About this exercise - Your copy should hold the lines below from the first through the one that contains "Шкаф Жасмин графит/дуб артизан SZF1L1S_1", each retyped exactly, and no pictures.

Data for processing -
=== Begin Enclosure ===
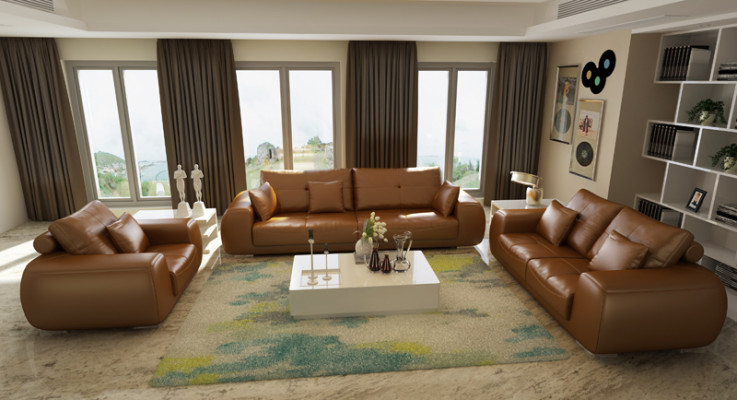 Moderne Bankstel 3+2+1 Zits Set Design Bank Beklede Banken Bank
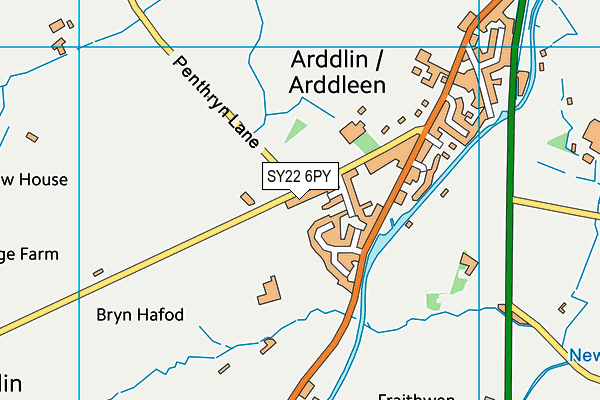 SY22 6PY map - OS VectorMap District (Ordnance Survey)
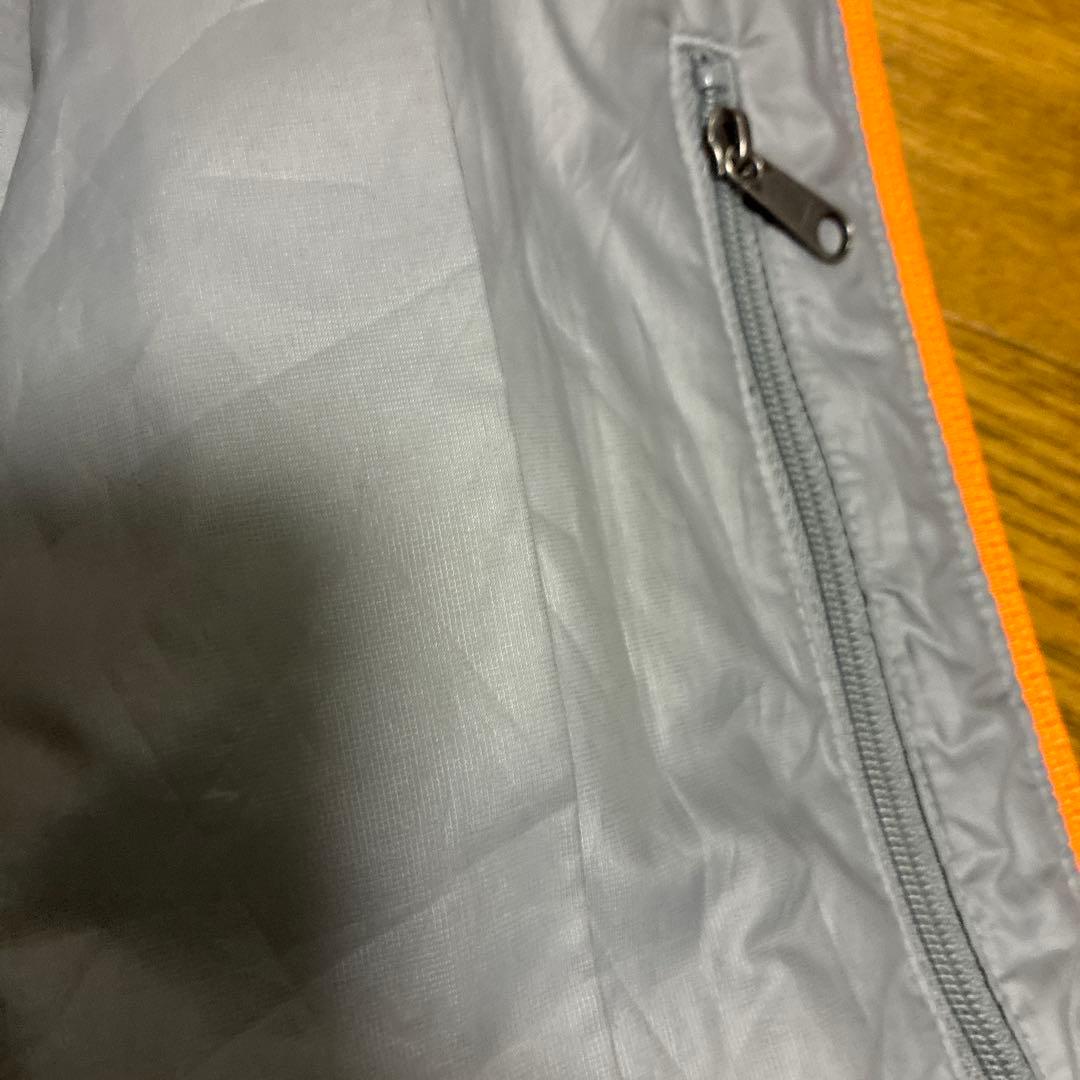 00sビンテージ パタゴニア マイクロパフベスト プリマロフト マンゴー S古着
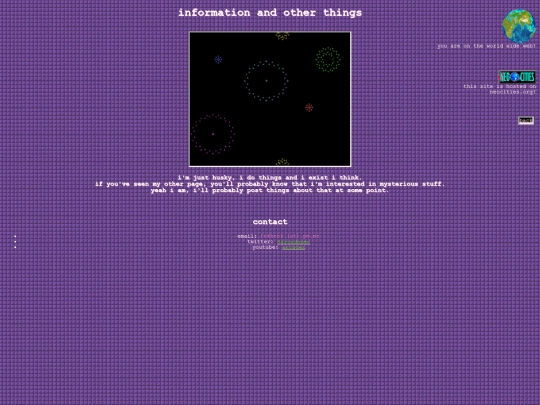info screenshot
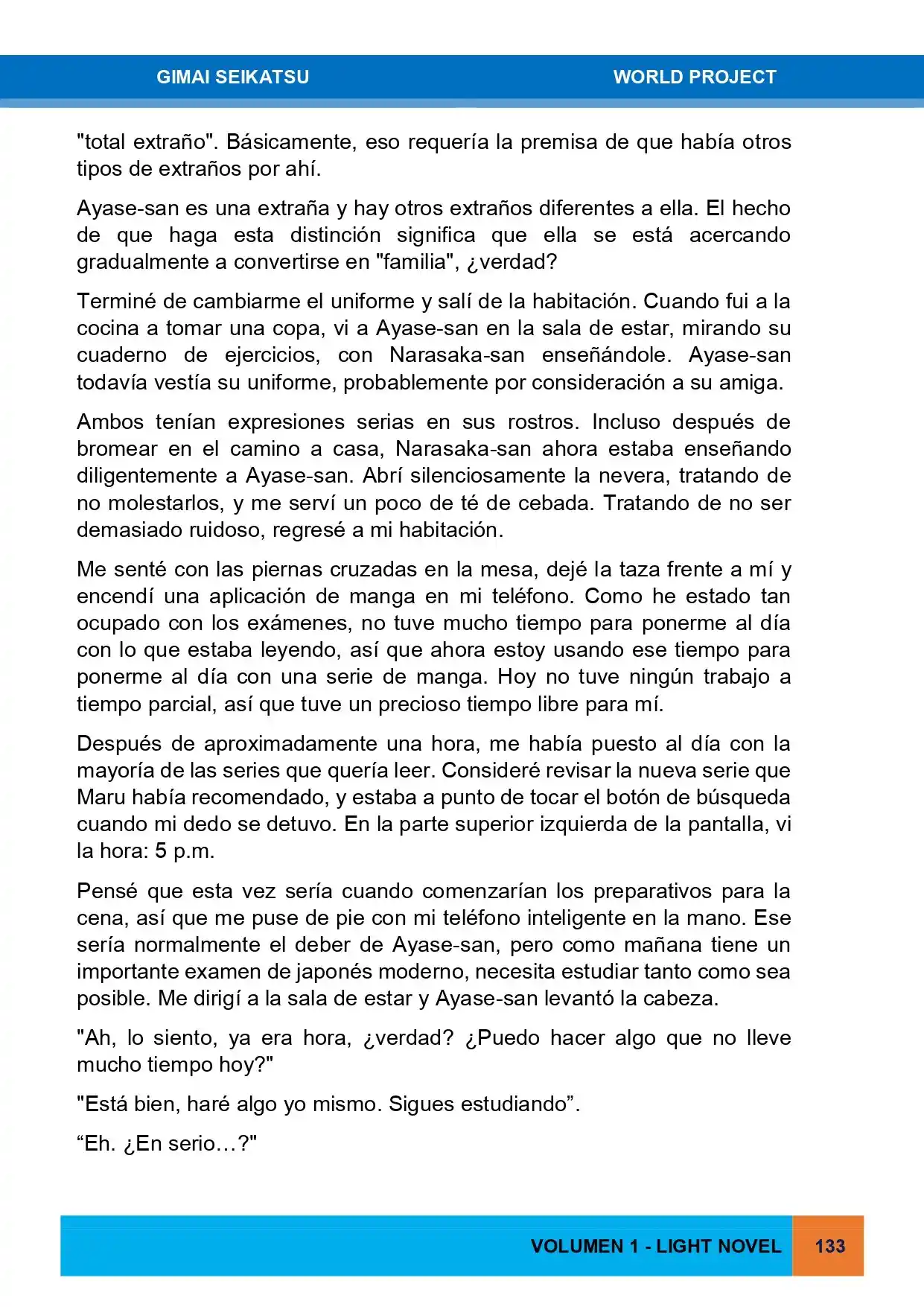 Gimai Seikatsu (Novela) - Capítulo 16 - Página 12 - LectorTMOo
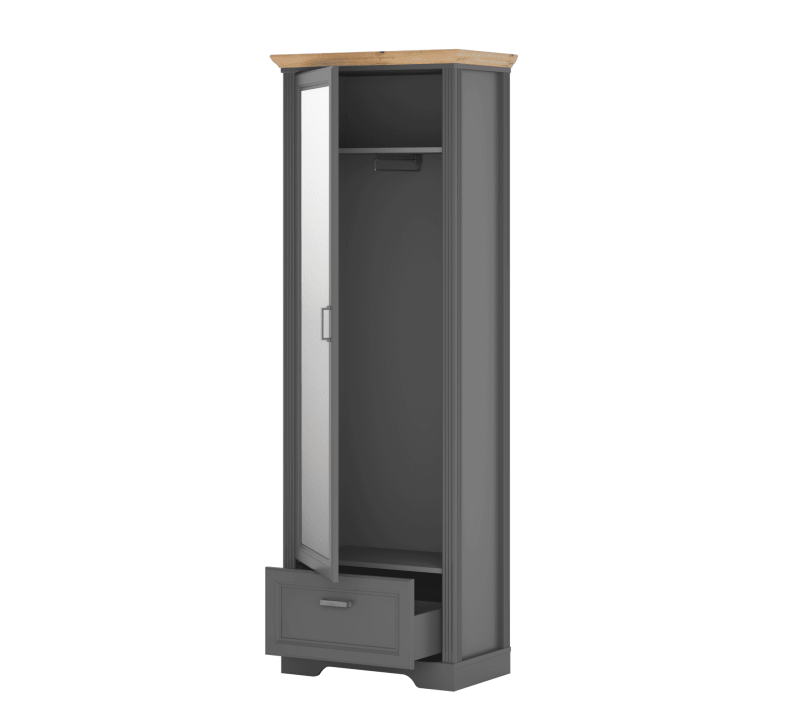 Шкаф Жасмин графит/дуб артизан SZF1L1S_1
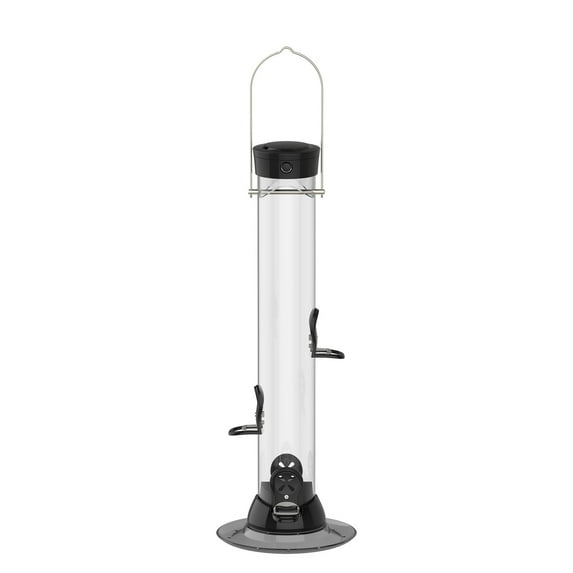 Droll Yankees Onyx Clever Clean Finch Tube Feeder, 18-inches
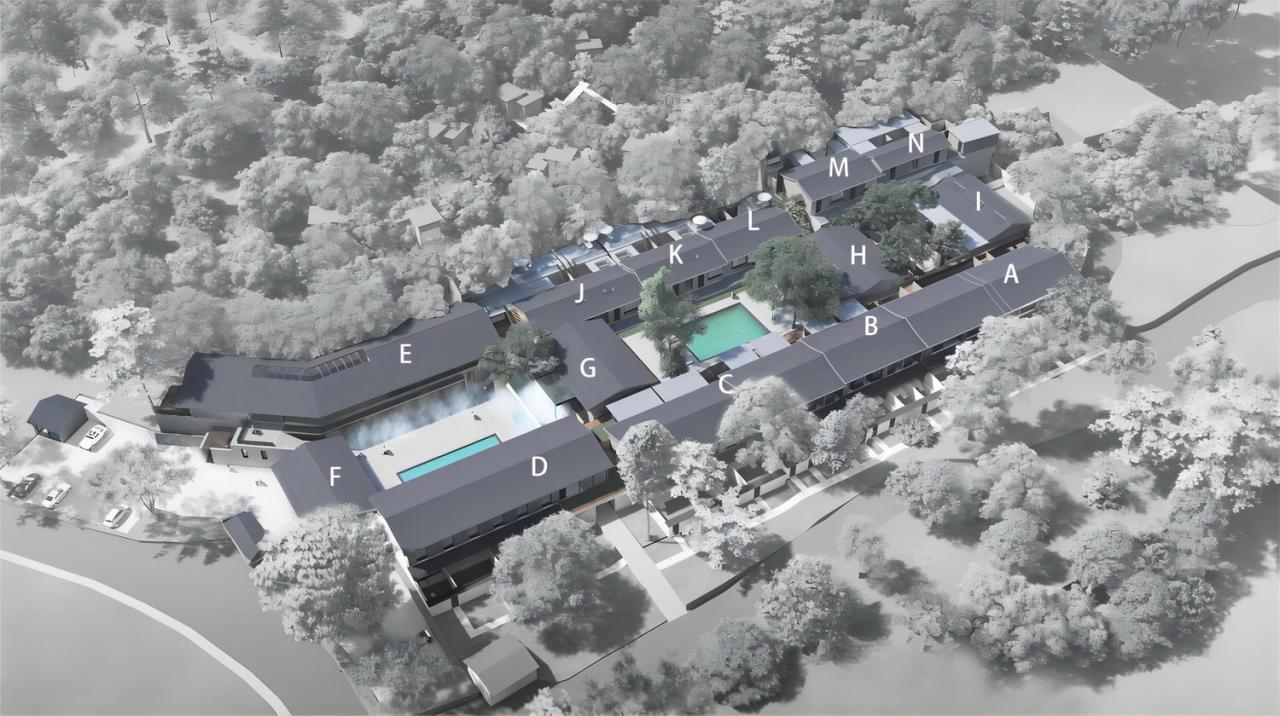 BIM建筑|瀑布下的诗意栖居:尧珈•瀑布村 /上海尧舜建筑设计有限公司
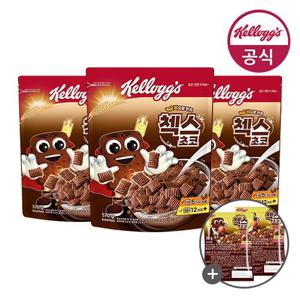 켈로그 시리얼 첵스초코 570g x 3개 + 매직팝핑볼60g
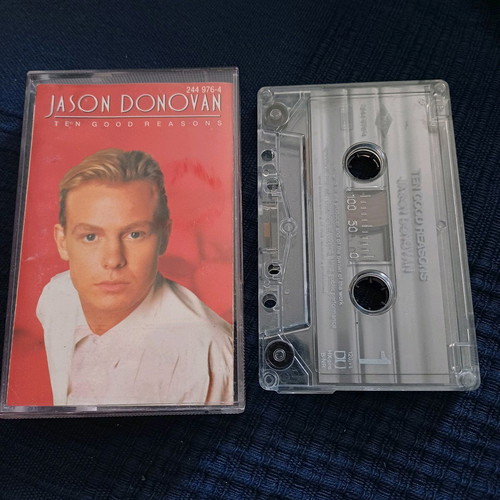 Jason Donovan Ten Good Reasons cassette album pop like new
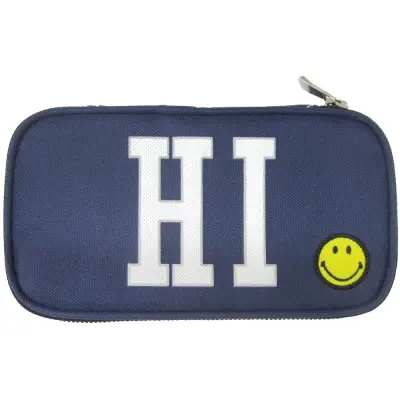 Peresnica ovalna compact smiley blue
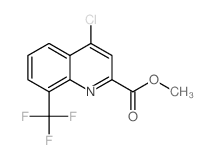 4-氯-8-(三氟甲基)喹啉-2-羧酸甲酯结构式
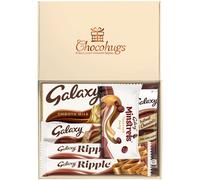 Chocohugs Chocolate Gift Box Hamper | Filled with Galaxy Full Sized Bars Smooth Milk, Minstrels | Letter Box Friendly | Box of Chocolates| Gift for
=== End Enclosure ===
Answer to the exercise -
 Moderne Bankstel 3+2+1 Zits Set Design Bank Beklede Banken Bank
 SY22 6PY map - OS VectorMap District (Ordnance Survey)
 00sビンテージ パタゴニア マイクロパフベスト プリマロフト マンゴー S古着
info screenshot
 Gimai Seikatsu (Novela) - Capítulo 16 - Página 12 - LectorTMOo
 Шкаф Жасмин графит/дуб артизан SZF1L1S_1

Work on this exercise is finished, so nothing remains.